L’Empire, l’Angleterre, la Hollande, la Savoie, l’Espagne : dans cette guerre, dite de la ligue d’Augsbourg, nous avions presque toute l’Europe contre nous. Le but des coalisés ? Annuler les agrandissements de Louis XIV, ramener la France aux limites des traités de Westphalie et des Pyrénées. Après quoi, ces traités eux-mêmes eussent été bien compromis. Malgré huit ans de campagnes où, de part et d’autre, on évita les grandes batailles décisives, la coalition (d’ailleurs souvent désunie, bien que Guillaume d’Orange en fût le chef) n’obtint pas le résultat qu’elle cherchait. Partout, sur terre, la France lui avait tenu tête. On ne s’était pas battu sur notre sol et nous avions été vainqueurs à Steenkerke et à Neerwinden, à Staffarde et à la Marsaille.

La guerre se serait terminée entièrement à notre avantage si, sur mer, nous n’avions eu le dessous. Pourtant les débuts de la campagne maritime avaient été brillants. La flotte puissante qu’avait laissée Colbert ne craignait pas les forces réunies des Anglo-Hollandais. Nous débarquions librement en Irlande pour y soutenir Jacques II et l’idée vint de débarquer en Angleterre même. Mais la difficulté pour la France était toujours de tenir l’Océan et la Méditerranée, le Ponant et le Levant. De plus, il y avait à Paris deux écoles, celle qui croyait à l’importance de la mer, celle qui ne croyait qu’aux victoires continentales. Après le désastre de la Hougue, les « continentaux » l’emportèrent sur les maritimes. Cette défaite navale n’était pas irrémédiable.
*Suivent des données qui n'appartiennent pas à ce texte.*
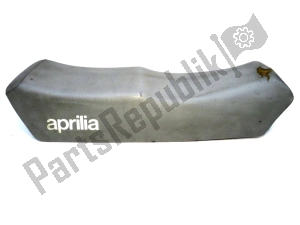 aprilia ap8129028 saddle, ayrton senna gray - Bottom side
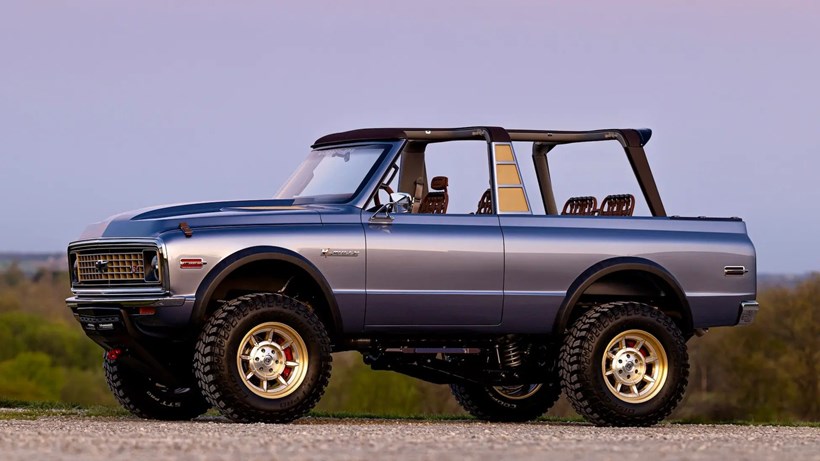 Chevrolet Blazer Bully
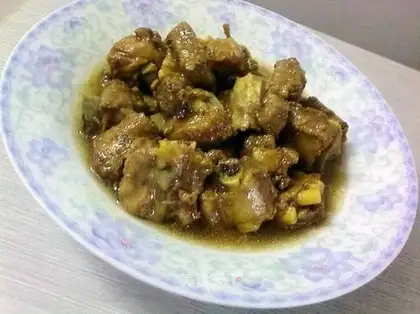 Spiced pork ribs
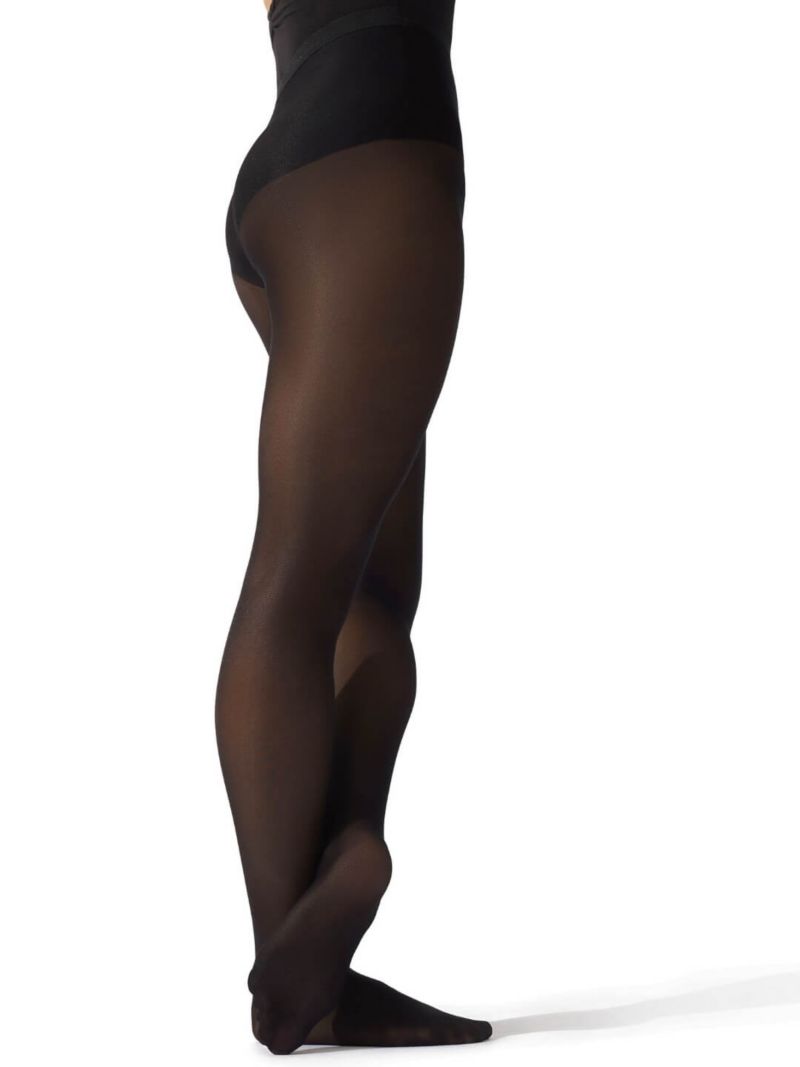 Women's Ultra Shimmery Footed Tight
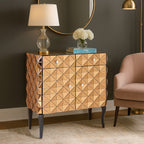 2 Door Copper Finish Sideboard | Soho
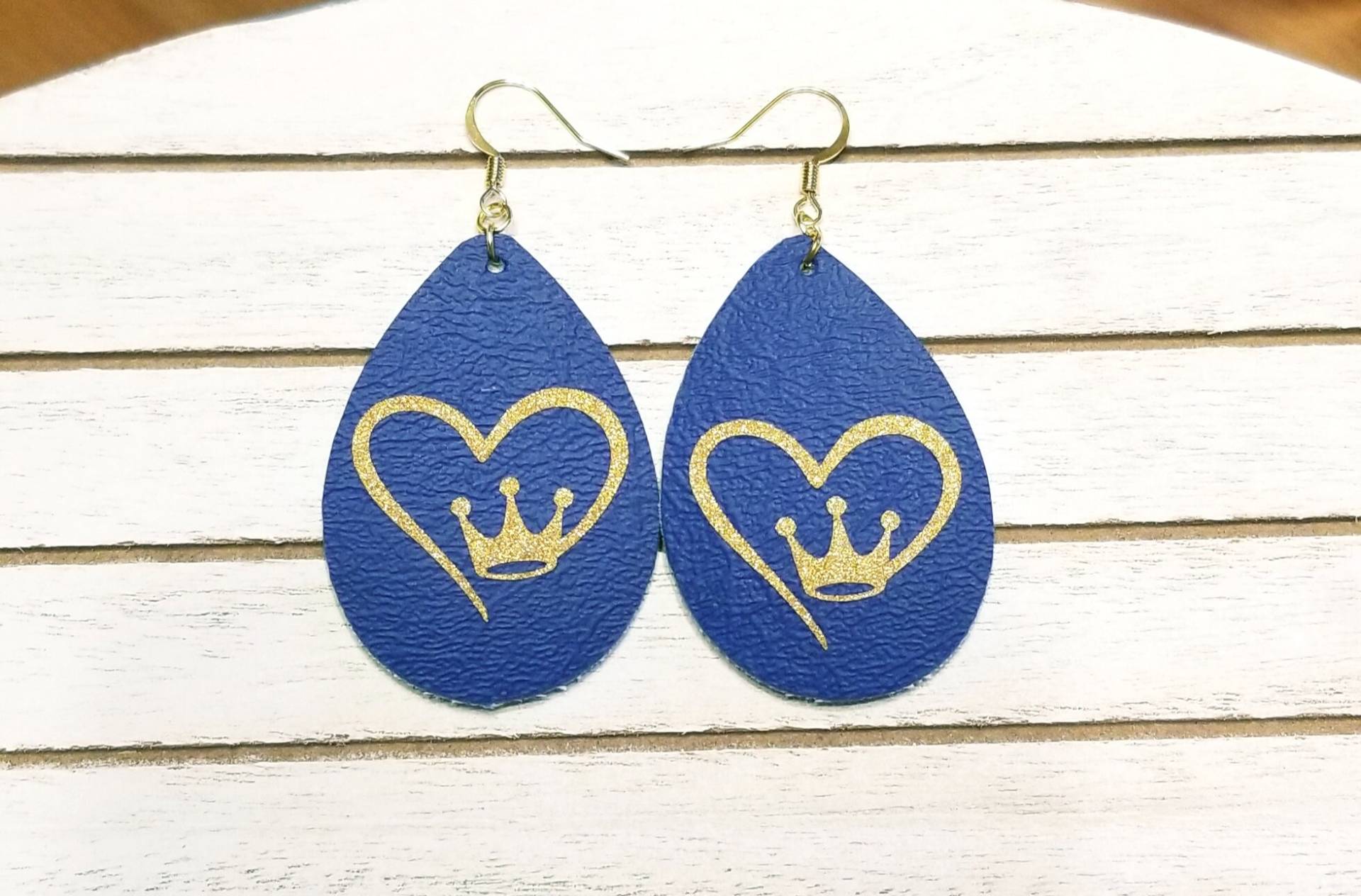 Kansas City Royals Ohrringe Kansas City Royals Ohrringe von WalkersCreationsKC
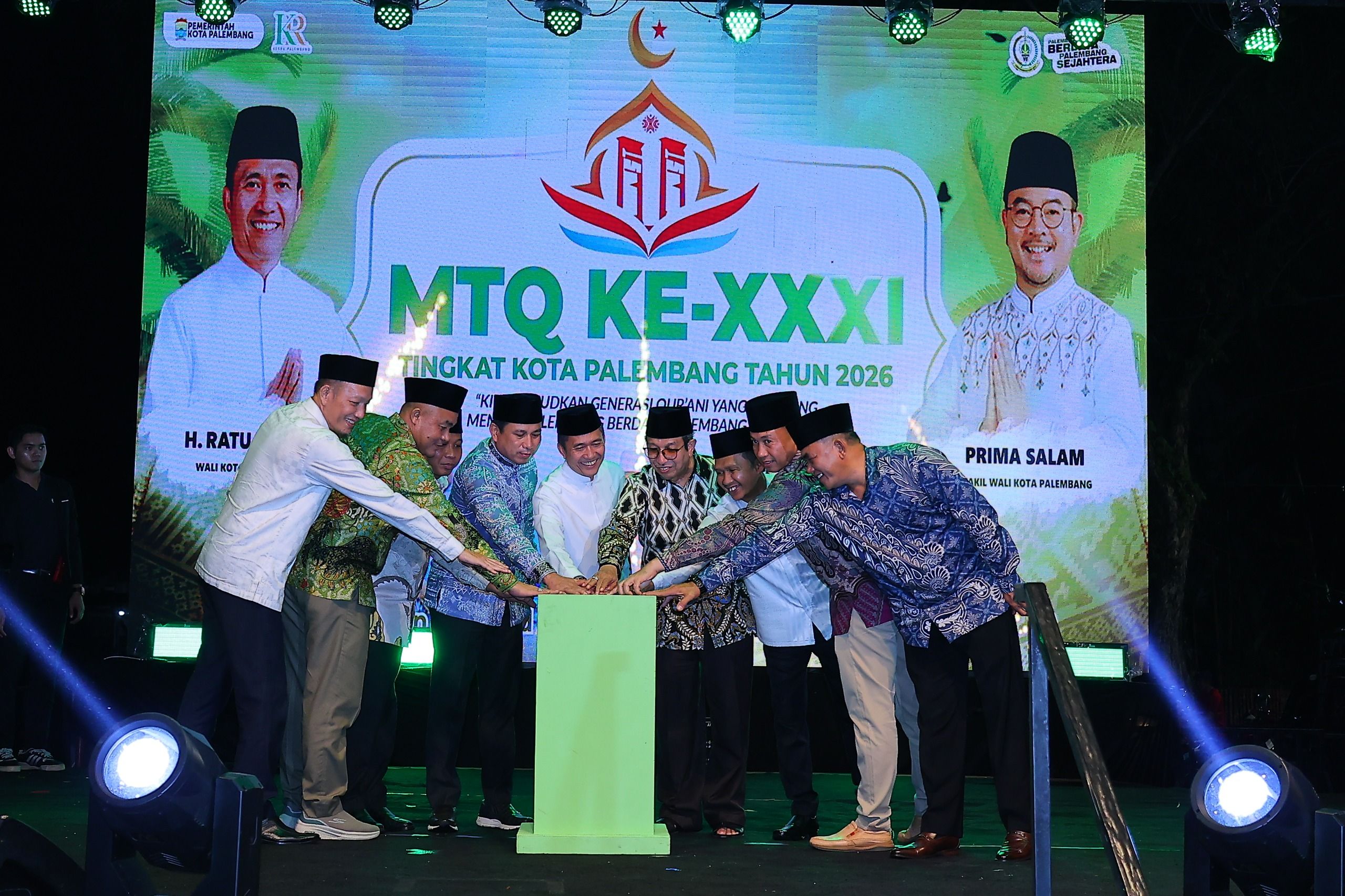 Siapkan Kafilah Terbaik, Wako Ratu Dewa Resmi Buka MTQ Ke- XXXl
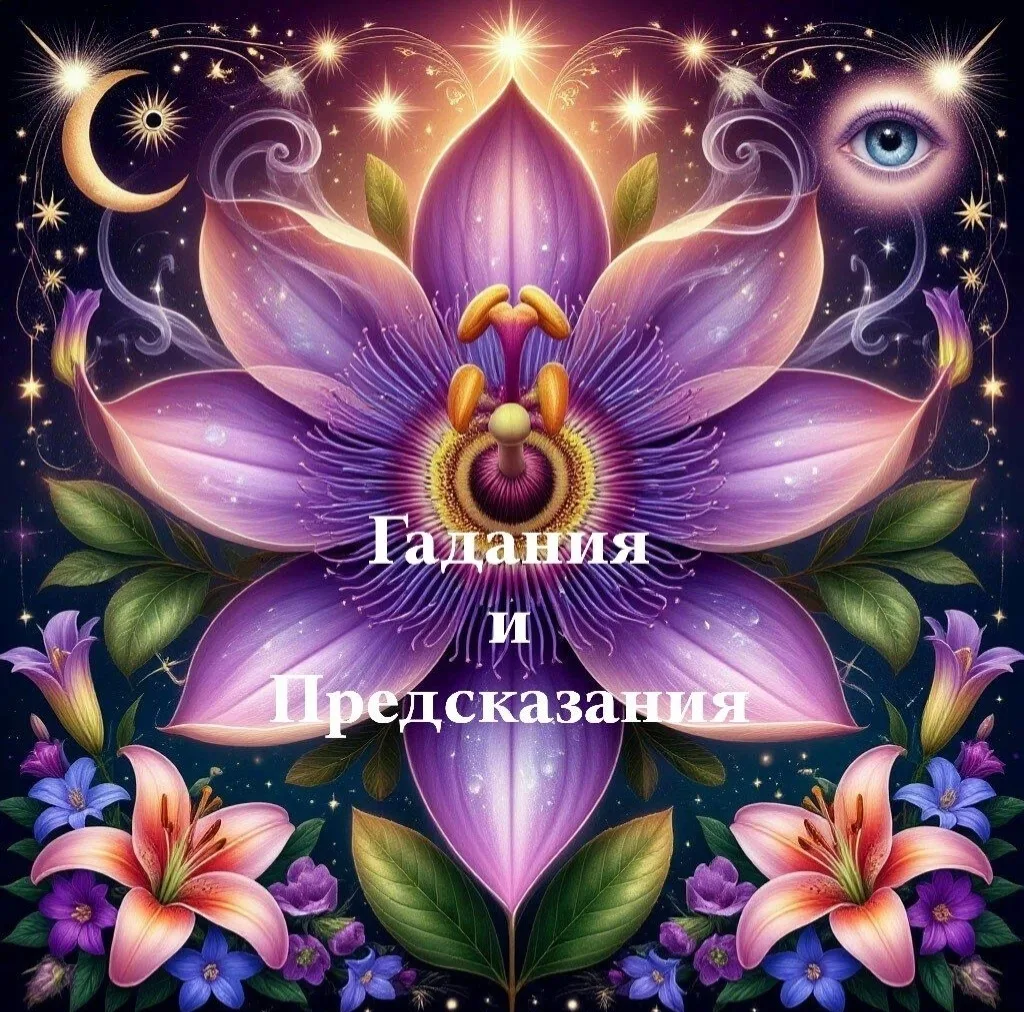 Канал ГАДАНИЯ И ПРЕДСКАЗАНИЯ в Максе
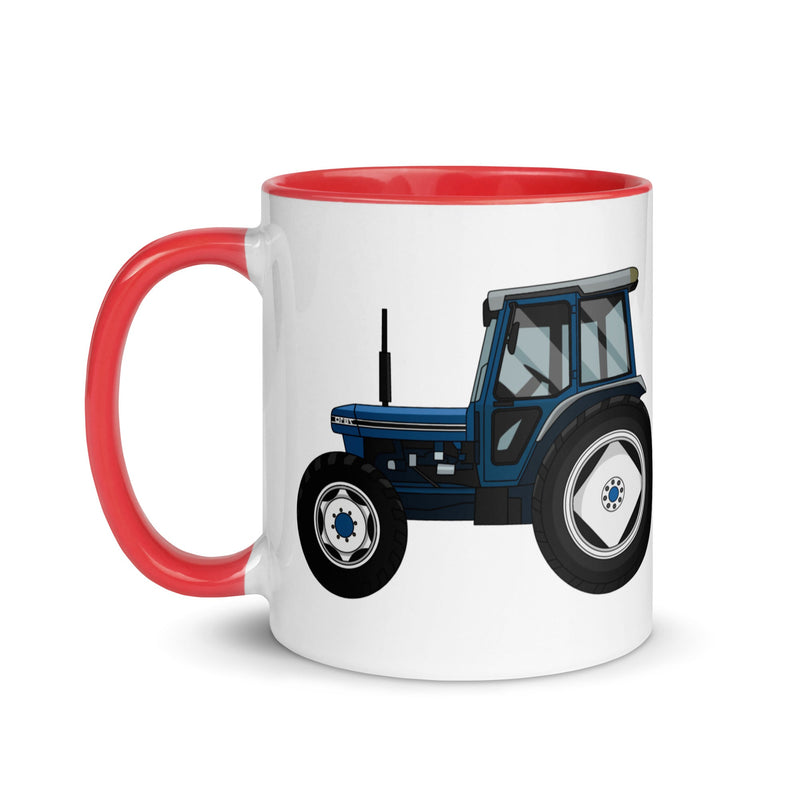 The Farmers Mugs Store Mug Ford 7810 Mug with Color Inside Quality Farmers Merch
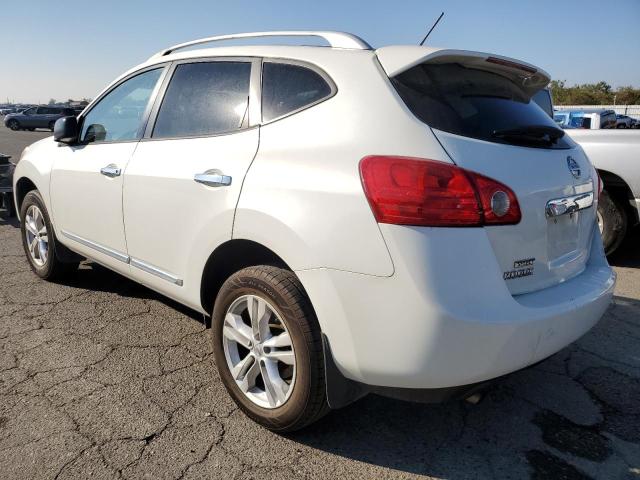 JN8AS5MT9FW670107 - 2015 NISSAN ROGUE SELE WHITE photo 2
Si elle ruinait l’espoir de réduire l’Angleterre en la menaçant jusque chez elle, notre marine n’était pas détruite. La confiance l’était. L’opinion publique cessa de s’intéresser aux choses de la mer. La dépense qu’exigeait l’entretien de puissantes escadres servit de prétexte. Colbert était mort, son œuvre ne fut pas poursuivie, et la décadence commença. De longtemps, nous n’aurons plus de forces navales capables de s’opposer aux Anglais à qui reviendra la maîtrise des mers.